When a cousin introduced Darnell to his “friend” who could supply her, for a price, with oxycodone she was aghast, yet relieved. She found herself calling in sick to work frequently in order to use pain medication, which led to her being fired for her frequent absences. Money became scarce so when her supplier “ran short” of oxycodone it did not take much to convince Darnell to try “just a little” heroin, which proved less expensive and better able to help her feel “more normal” than the prescription medication which had stopped having a positive effect despite doses that left her unable to work or function. Moodiness and depression became her normal and family and friends dropped or have severely limited contact with her, and members of her close family are discussing “an intervention” to try to bring Darnell out of the lifestyle she has wandered into.
Consideration – Incarceration alone does not cure misusing opioids.

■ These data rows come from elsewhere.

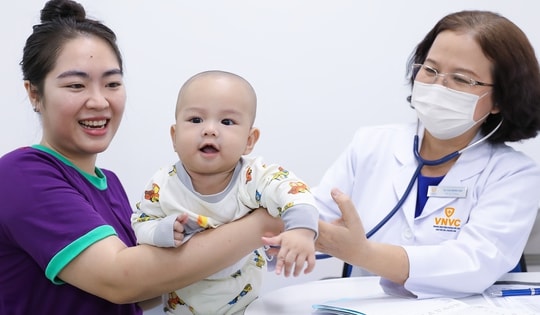 VNVC nhận giải Hệ thống tiêm chủng tốt nhất Việt Nam 2025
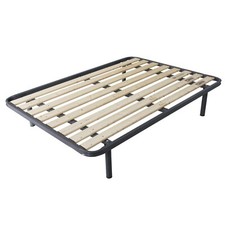 RETE A DOGHE 140x190 PER LETTO FRANCESE CON TAVOLE VERTICALI PER PESI ELEVATI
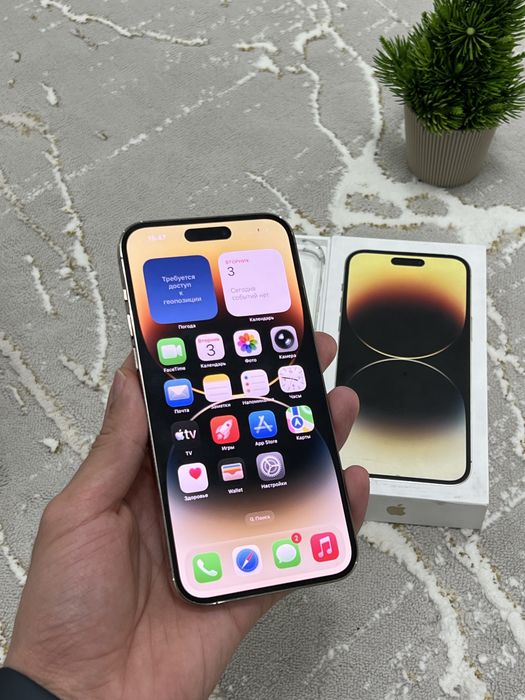 iPhone 14 Pro Max, Не Вскрытый!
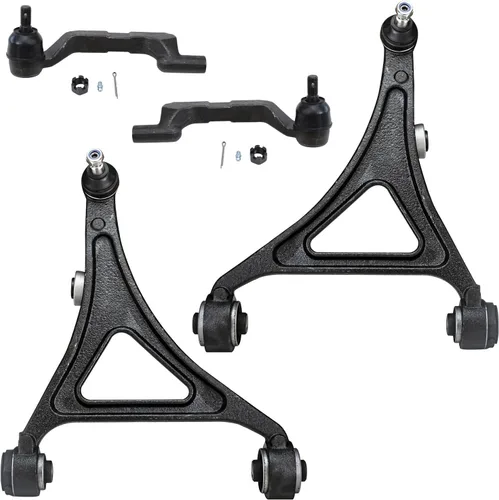 Vista 126 de Detroit Axle - Kit de brazos de control de extremo delantero para Acura 2004-2008 TSX 2003-2007 Honda Accord, 2 brazos de control inferiores, 2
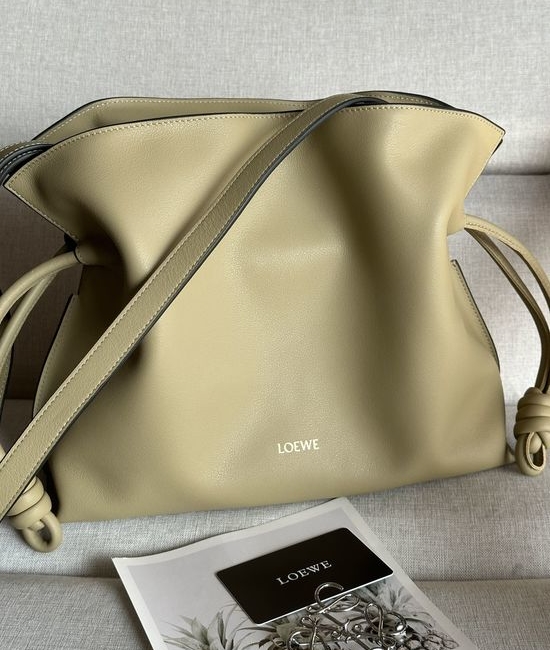 Loewe Flamenco Medium Knot Bag 11050A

The Nixon era “War on Drugs,” continued by every presidential administration since, has taught us many things about substance abuse and addiction. First of all, it showed us that wars on drugs don’t work.20 Secondly, that deprivation or abstinence alone from a drug of choice, including opioids, does not reduce returning to that substance when it again becomes available. This has proved a deadly problem as the time away from opioids generally reduces the built-up tolerance a person’s metabolism has. That means with former inmates, who on release tend to return to using their previous dosage, the overdose rates run nearly 130 times higher than the general population.21
Costs of The War on Drugs3,20,21
The war on drugs has been being waged since 1971. Some of its costs include;
- More than $1 trillion spent
- Millions of people arrested and imprisoned
- Over half of those currently in federal prison are incarcerated on drug-related charges
- Increases in prescription drug costs
- Increases in illegal, illicit drug use
Caging opioid users whose offenses are centered on nonviolent opioid use as in past eras, needs revisited. New tactics need to be discussed to tame the lion of opioid overuse, and to bring the crisis back from its current record highs.